======== DATA EXCERPTS

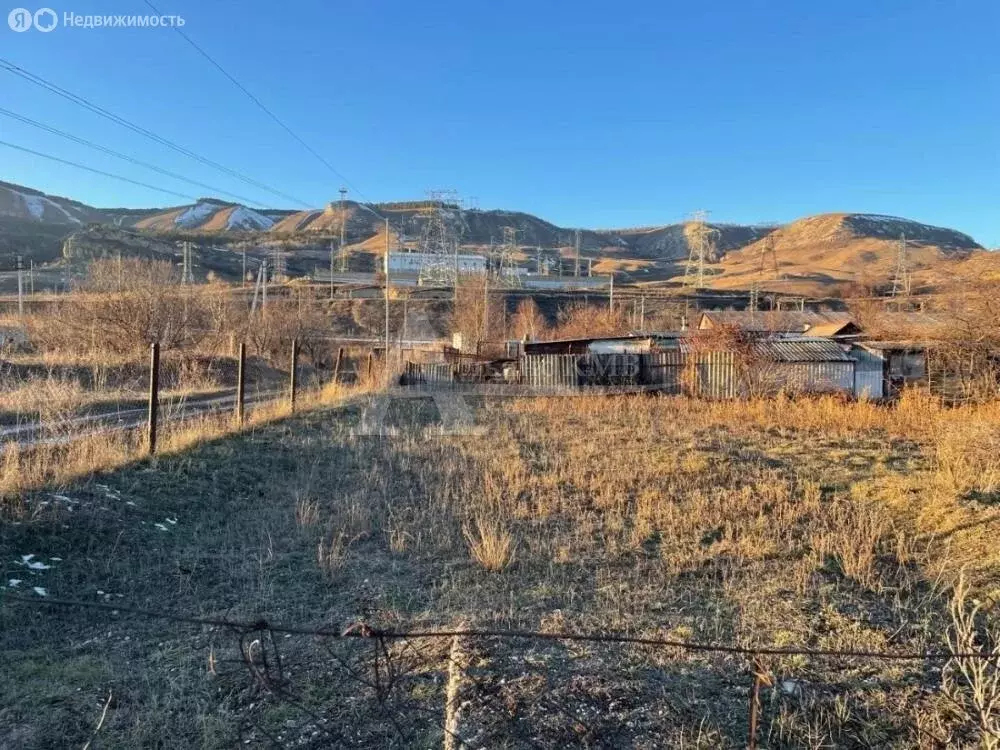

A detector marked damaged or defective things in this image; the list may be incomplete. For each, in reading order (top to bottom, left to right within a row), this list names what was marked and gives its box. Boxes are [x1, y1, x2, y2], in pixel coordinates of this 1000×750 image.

rusty fence [3, 596, 996, 748]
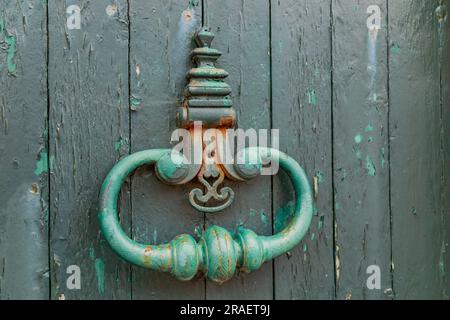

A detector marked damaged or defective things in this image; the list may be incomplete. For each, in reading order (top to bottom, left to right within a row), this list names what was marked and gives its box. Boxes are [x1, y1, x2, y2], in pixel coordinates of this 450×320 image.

rusty metal knocker [97, 26, 312, 282]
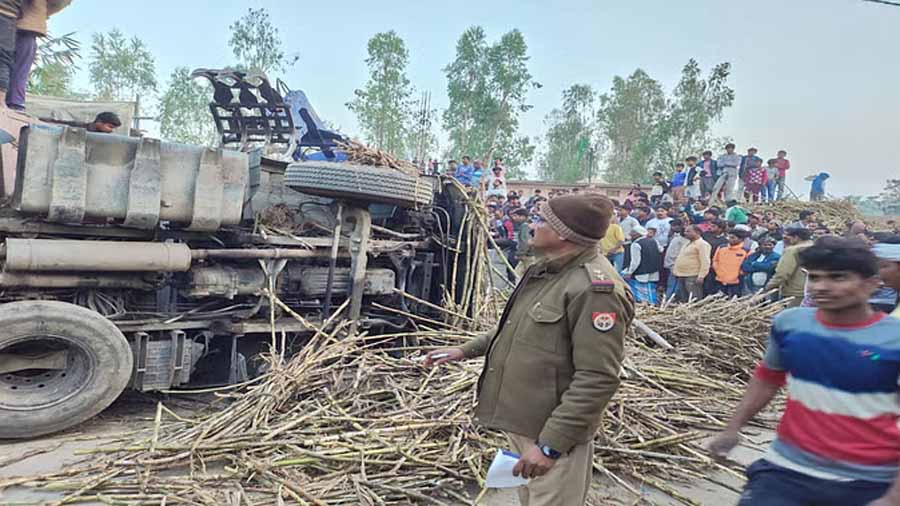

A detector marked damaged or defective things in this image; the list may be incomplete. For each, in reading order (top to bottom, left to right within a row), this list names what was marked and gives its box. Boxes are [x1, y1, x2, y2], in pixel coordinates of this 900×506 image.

overturned truck [0, 71, 464, 438]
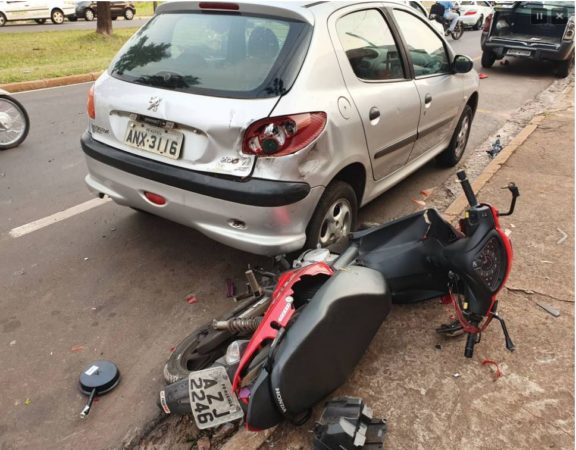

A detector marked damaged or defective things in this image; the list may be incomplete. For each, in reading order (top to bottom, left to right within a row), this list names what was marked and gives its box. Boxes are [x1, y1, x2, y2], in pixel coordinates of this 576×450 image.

broken plastic debris [480, 358, 502, 380]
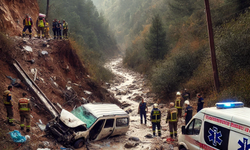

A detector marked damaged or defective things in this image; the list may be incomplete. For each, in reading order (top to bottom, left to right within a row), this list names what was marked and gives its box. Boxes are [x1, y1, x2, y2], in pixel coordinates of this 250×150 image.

crashed vehicle [45, 103, 130, 148]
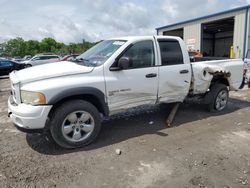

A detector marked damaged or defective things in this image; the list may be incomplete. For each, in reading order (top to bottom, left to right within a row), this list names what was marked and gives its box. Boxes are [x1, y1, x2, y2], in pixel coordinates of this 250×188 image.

damaged vehicle [8, 35, 244, 148]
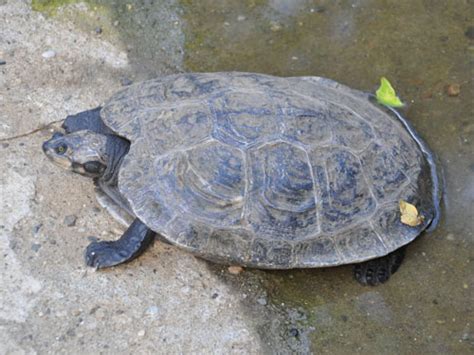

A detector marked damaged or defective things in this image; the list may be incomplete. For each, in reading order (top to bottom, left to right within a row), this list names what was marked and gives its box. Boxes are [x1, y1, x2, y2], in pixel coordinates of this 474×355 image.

crack in concrete [0, 119, 64, 143]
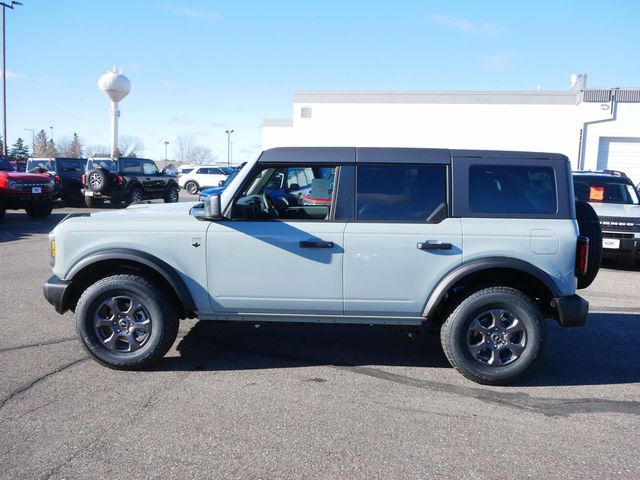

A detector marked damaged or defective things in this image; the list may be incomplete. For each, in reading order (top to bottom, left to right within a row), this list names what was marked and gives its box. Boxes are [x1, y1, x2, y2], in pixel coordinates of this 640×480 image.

crack in asphalt [0, 336, 76, 354]
crack in asphalt [0, 356, 90, 412]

================

▶ TASK INSTRUCTIONS
Write out exactly the lines from the line containing "this 640×480 image." to the end of the listing above, both included, and nothing else.

▶ RESPONSE AREA
A detector marked damaged or defective things in this image; the list may be incomplete. For each, in reading order (top to bottom, left to right within a row), this list names what was marked and gives its box. Boxes are [x1, y1, x2, y2], in pixel coordinates of this 640×480 image.

crack in asphalt [0, 336, 76, 354]
crack in asphalt [0, 356, 90, 412]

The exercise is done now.